Au-delà de la taxe foncière, certains élus bretons pourraient aussi envisager d'accroître la taxe sur les résidences secondaires, qui, par exemple, représentent à date 26% du parc immobilier de Saint-Malo. Or ce pourcentage devrait encore grimper compte tenu de la typologie des ventes immobilières indique la mairie.
A Montpellier, « c'est le bailleur qui en fait les frais »
Selon les données de L'observatoire national des taxes foncières de l'Union nationale des propriétaires immobiliers, publiées en octobre 2022, Montpellier affichait en 2021 un taux de taxe foncière de 53,44% (hors taxe d'enlèvement des ordures ménagères, TEOM), soit la 8e ville la plus chère des 50 villes les plus peuplées de France (pour lesquelles la moyenne s'élève à 43,13%, contre une moyenne nationale de 39,43%). Si on prend en compte la TEOM, ce taux passe à 65,79% à Montpellier et la propulse en 2e position des villes les plus chères, derrière Le Havre (66,97%) et devant Nîmes (65,64%) et Angers (65,52%).
Entre 2011 et 2021, ce taux a augmenté de 13,7% hors TEOM et de 15,4% avec la TEOM, ce qui place Montpellier en bas du tableau des augmentations dans les 50 villes les plus peuplées (où la moyenne est de 21,7% contre 24,9% sur tout le territoire). Entre 2021 et 2022, la taxe foncière a augmenté de 3,4% (hors TEOM, celle-ci étant restée stable) à Montpellier, contre 4,7% dans les 200 villes les plus peuplées.
« Selon nos calculs, pour certains des appartements, il faut désormais environ trois mois de location pour payer cette taxe, souligne à La Tribune Nina Baudière-Servat, présidente de l'UNPI de l'Hérault.
C'est bien beau d'avoir supprimer la taxe d'habitation, mais aujourd'hui, c'est le bailleur qui en fait les frais ! Avec les obligations de rénovation énergétique qui viennent s'ajouter, les contraintes sont de plus en plus importantes pour les propriétaires.
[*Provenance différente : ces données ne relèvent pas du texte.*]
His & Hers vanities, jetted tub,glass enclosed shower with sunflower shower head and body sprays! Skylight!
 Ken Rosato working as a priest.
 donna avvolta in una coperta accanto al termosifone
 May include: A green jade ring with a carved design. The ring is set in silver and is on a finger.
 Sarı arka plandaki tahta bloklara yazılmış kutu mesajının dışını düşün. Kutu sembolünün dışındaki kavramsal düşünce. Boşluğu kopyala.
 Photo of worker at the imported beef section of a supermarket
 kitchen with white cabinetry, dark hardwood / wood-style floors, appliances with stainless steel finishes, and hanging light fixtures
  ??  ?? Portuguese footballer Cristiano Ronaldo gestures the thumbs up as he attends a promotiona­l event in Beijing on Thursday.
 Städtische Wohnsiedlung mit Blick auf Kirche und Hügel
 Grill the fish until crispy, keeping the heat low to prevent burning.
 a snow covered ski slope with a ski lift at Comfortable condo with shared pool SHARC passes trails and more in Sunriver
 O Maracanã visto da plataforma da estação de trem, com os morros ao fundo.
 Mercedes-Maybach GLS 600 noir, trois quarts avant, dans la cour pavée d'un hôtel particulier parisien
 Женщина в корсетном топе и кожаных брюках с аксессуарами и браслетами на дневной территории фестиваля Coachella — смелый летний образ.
Beaucoup de biens vont être mis en vente car les charges sont trop importantes et Montpellier n'est plus une zone attractive, au profit de villes comme Béziers... Et ce qui nous préoccupe, c'est que d'après le dernier Copil de l'Observatoire des loyers, l'augmentation du taux de taxe foncière va être plus élevé en 2023. »
Sollicitée, la collectivité n'a pas (encore) confirmé ces informations.